- [ACTIVITY]:
Out of the material that follows, write out exactly the lines from the line with "rooms-club-ocean-front-junior-suite" to the line with "Moradia T5 para", both ends included, and no others.

- [SOURCE DATA]:
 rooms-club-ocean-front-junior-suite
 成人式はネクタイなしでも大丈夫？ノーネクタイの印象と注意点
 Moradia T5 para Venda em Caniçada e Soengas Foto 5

---

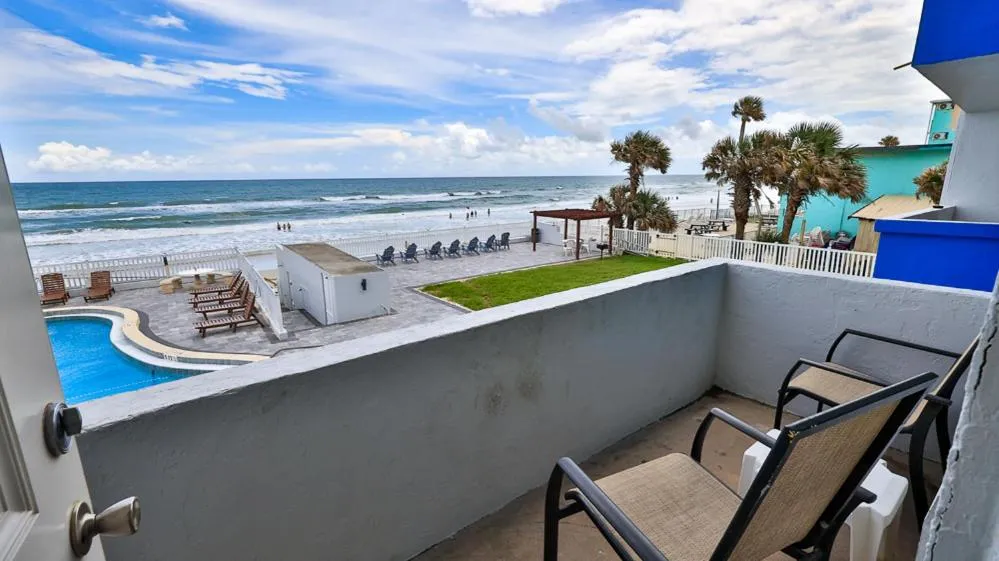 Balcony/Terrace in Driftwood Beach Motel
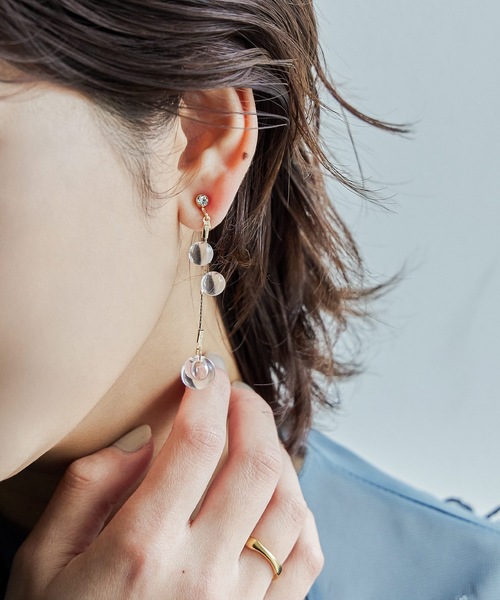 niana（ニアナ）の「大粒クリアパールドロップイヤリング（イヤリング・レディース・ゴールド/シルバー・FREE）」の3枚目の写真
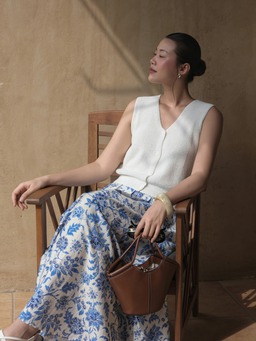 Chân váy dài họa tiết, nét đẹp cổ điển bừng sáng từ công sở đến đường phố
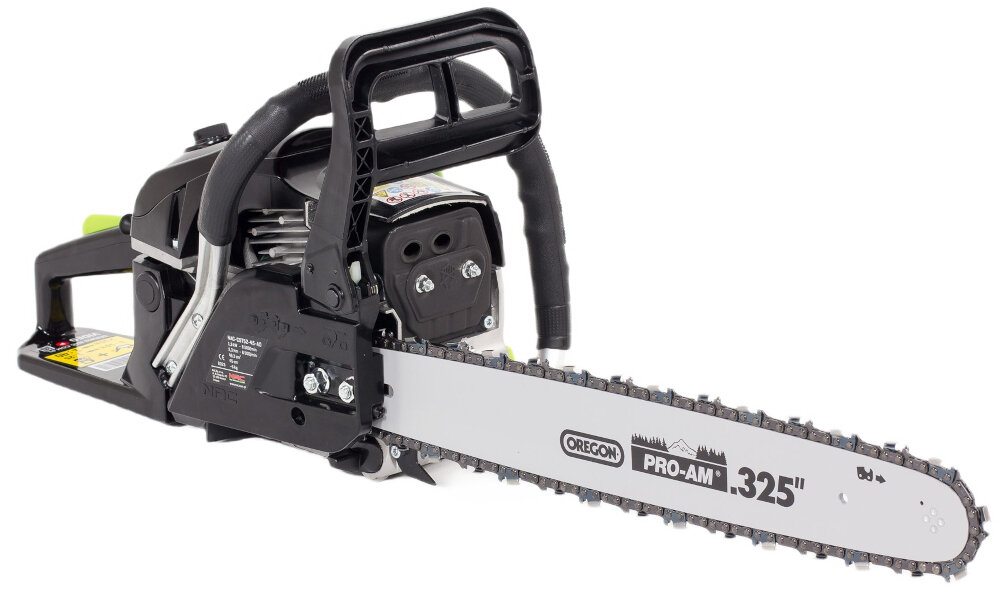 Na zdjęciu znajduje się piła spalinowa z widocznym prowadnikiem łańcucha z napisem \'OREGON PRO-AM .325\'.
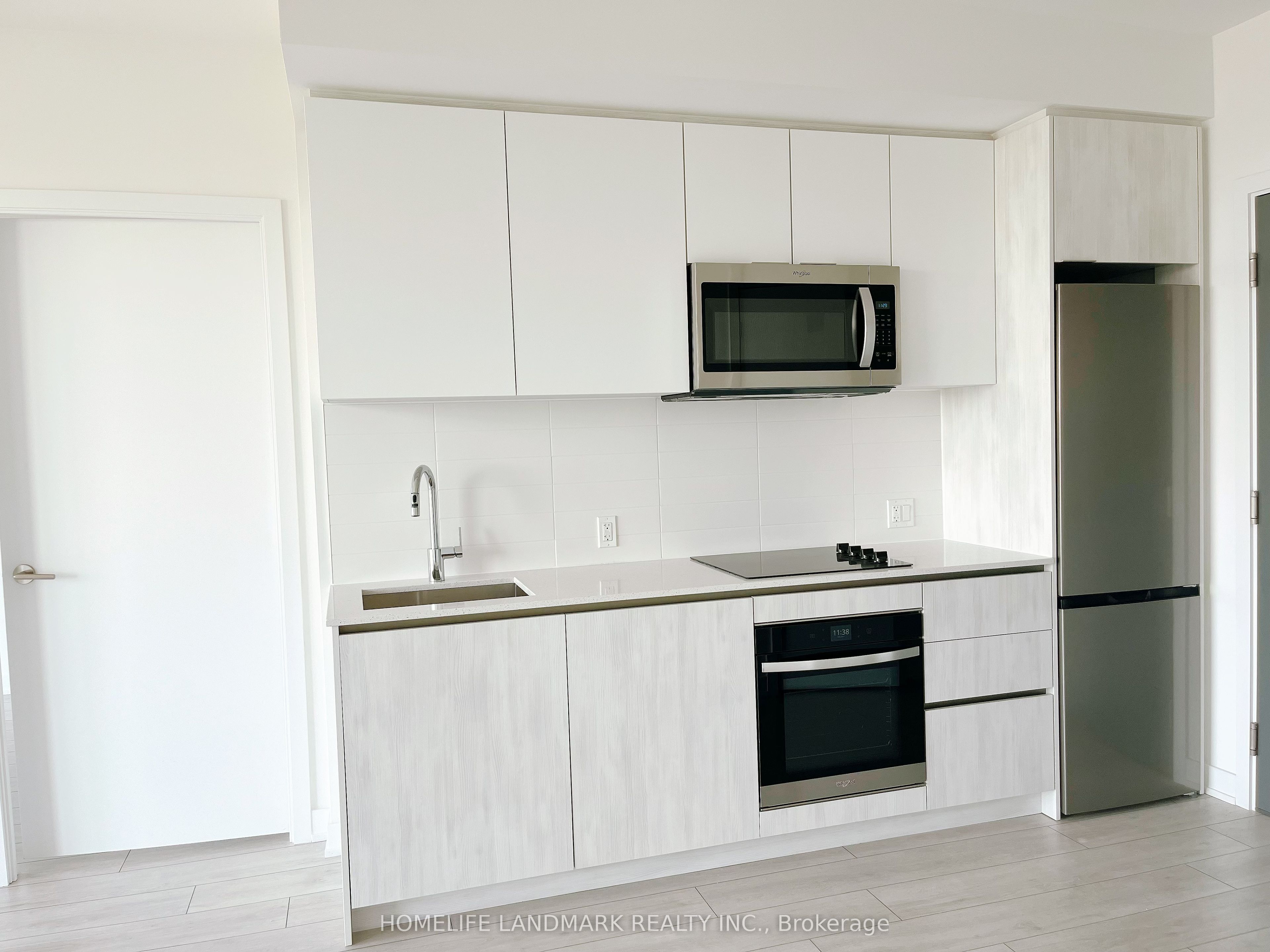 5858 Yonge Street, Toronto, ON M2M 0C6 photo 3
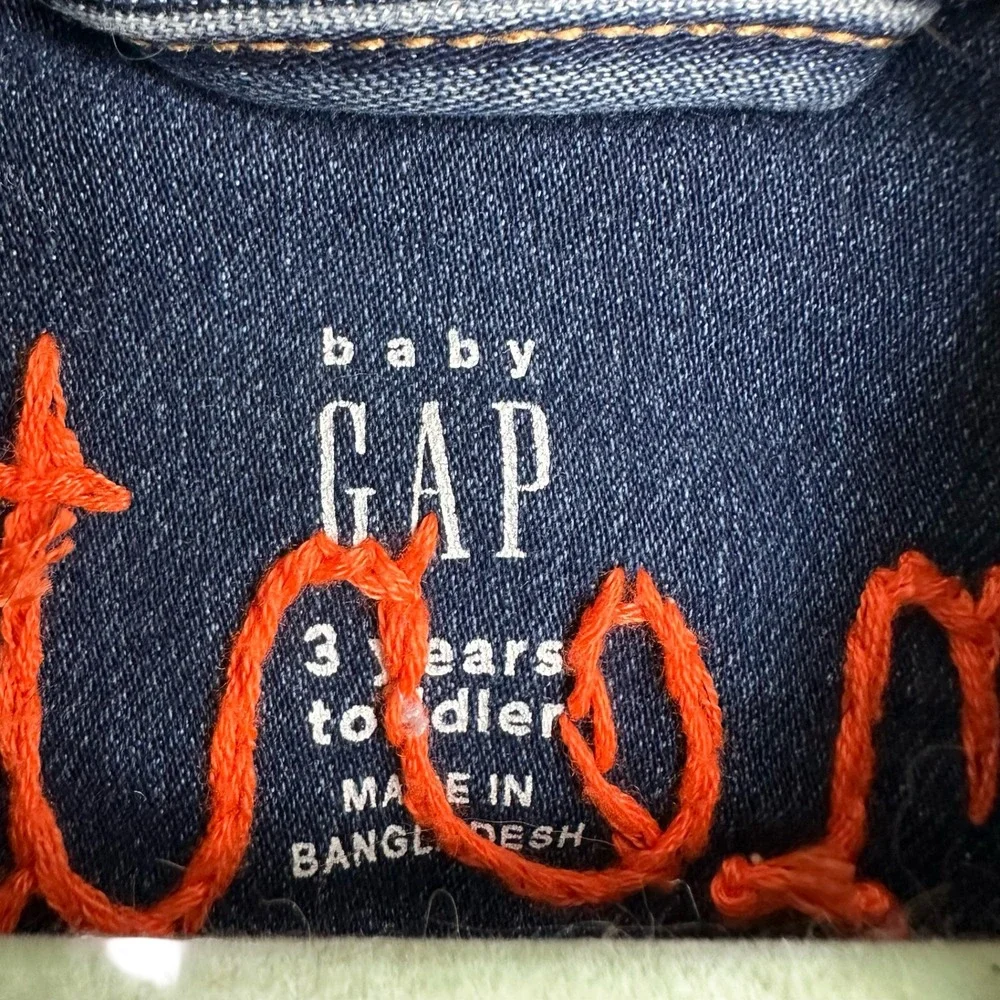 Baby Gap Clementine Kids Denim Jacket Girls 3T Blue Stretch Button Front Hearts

- [SOLUTION]:
 rooms-club-ocean-front-junior-suite
 成人式はネクタイなしでも大丈夫？ノーネクタイの印象と注意点
 Moradia T5 para Venda em Caniçada e Soengas Foto 5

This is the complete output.